TASK GOAL =>
Beginning with the line containing "GREENSPIDER 90mm 12g", transcribe every line exactly down to the last one in the records below, and drop the pictures.

*** Opening of SOURCE INFORMATION ***

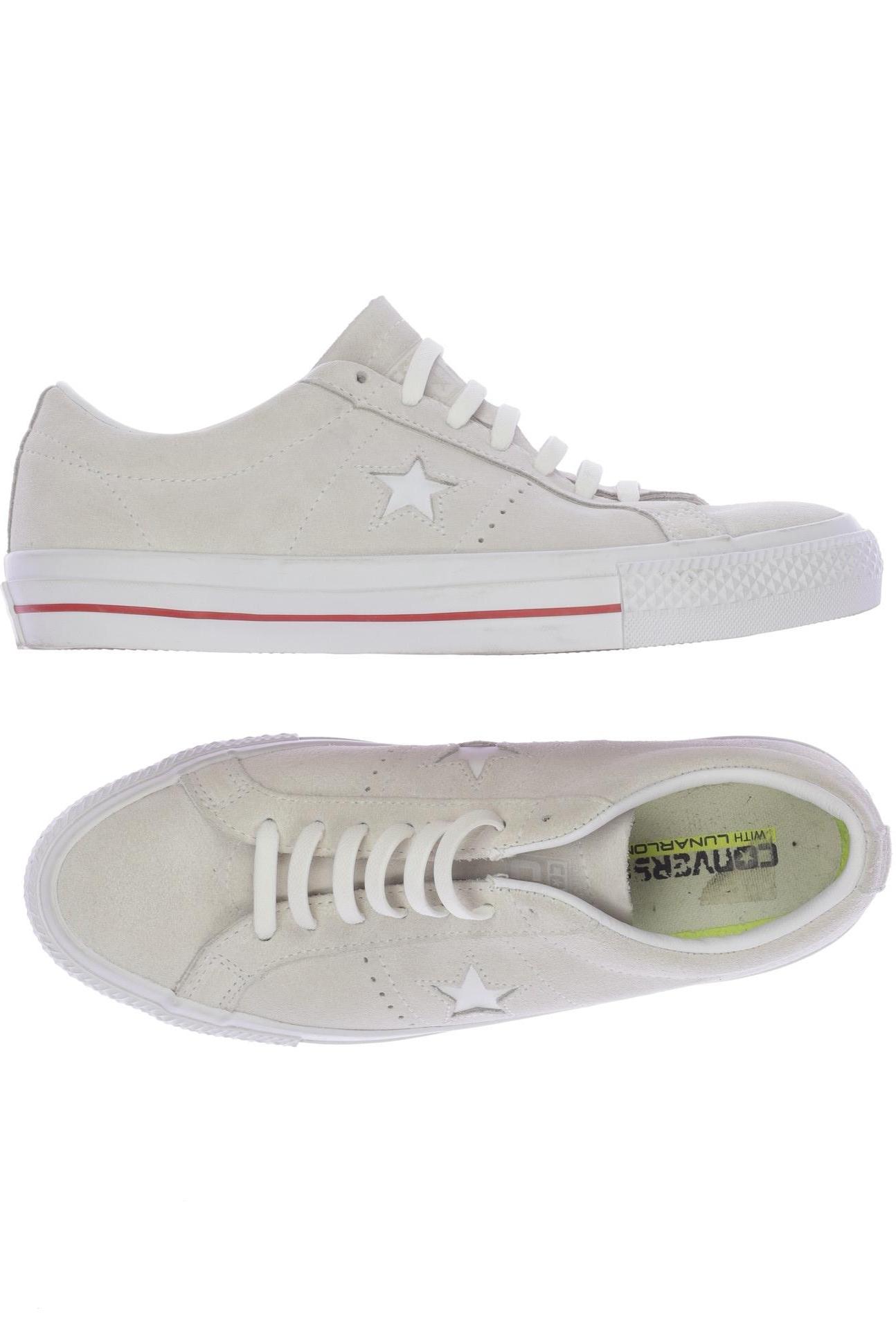

Converse Damen Sneakers, cremeweiß, Gr. 41.5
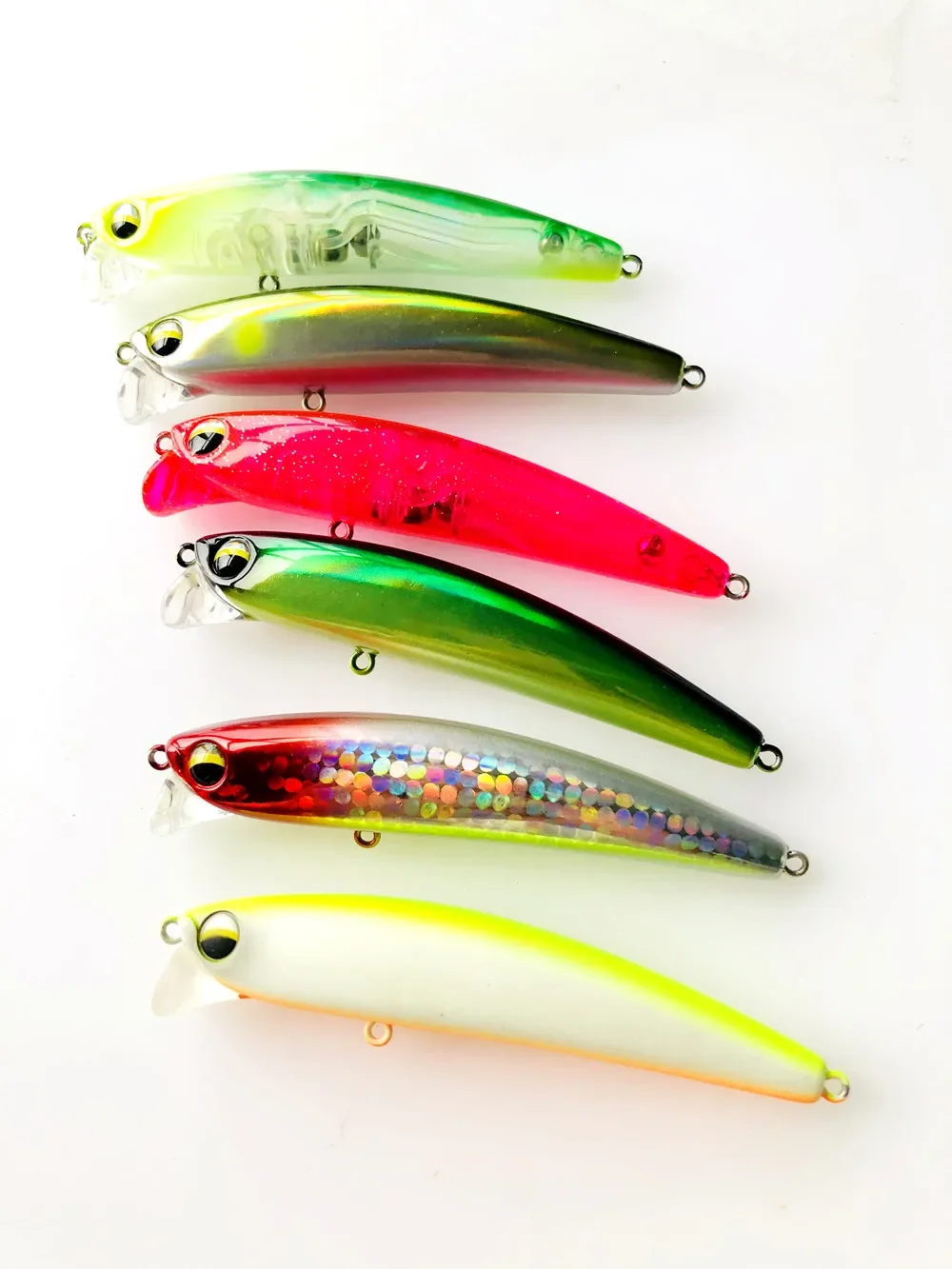 GREENSPIDER 90mm 12g Wolfram Gewicht System Top Angeln Lockt Minnow Kurbel Wobbler Qualität Angelgerät Haken Für Angeln – Detail 11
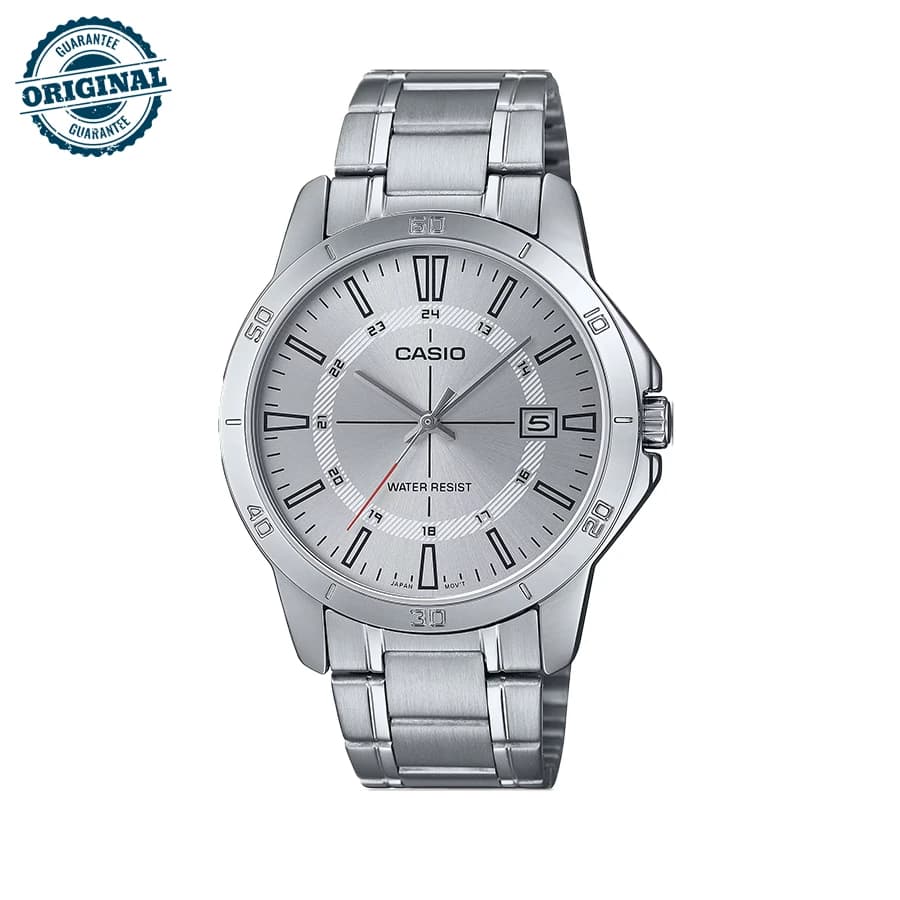 ساعت مچی مردانه کاسیو CASIO MTP-V004D-7C — تصویر ۴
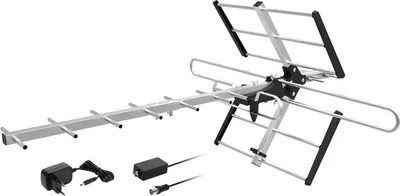 Produktbild von Richtantenne für terrestrisches 4K LTE-TV DVB-T2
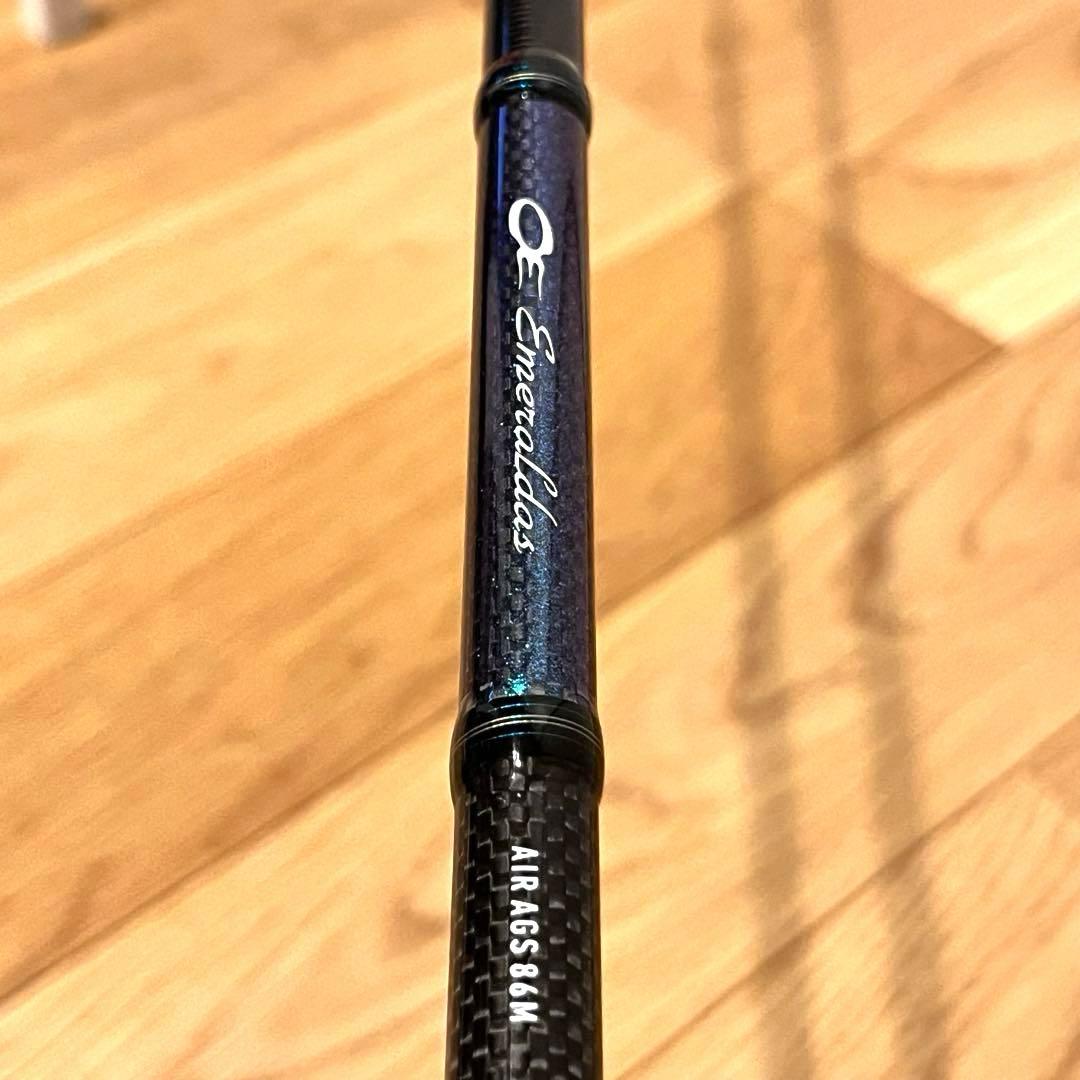 【美品】ダイワ エメラルダス air ags 86 M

*** Close of SOURCE INFORMATION ***

RESULT BELOW =>
 GREENSPIDER 90mm 12g Wolfram Gewicht System Top Angeln Lockt Minnow Kurbel Wobbler Qualität Angelgerät Haken Für Angeln – Detail 11
 ساعت مچی مردانه کاسیو CASIO MTP-V004D-7C — تصویر ۴
 Produktbild von Richtantenne für terrestrisches 4K LTE-TV DVB-T2
 【美品】ダイワ エメラルダス air ags 86 M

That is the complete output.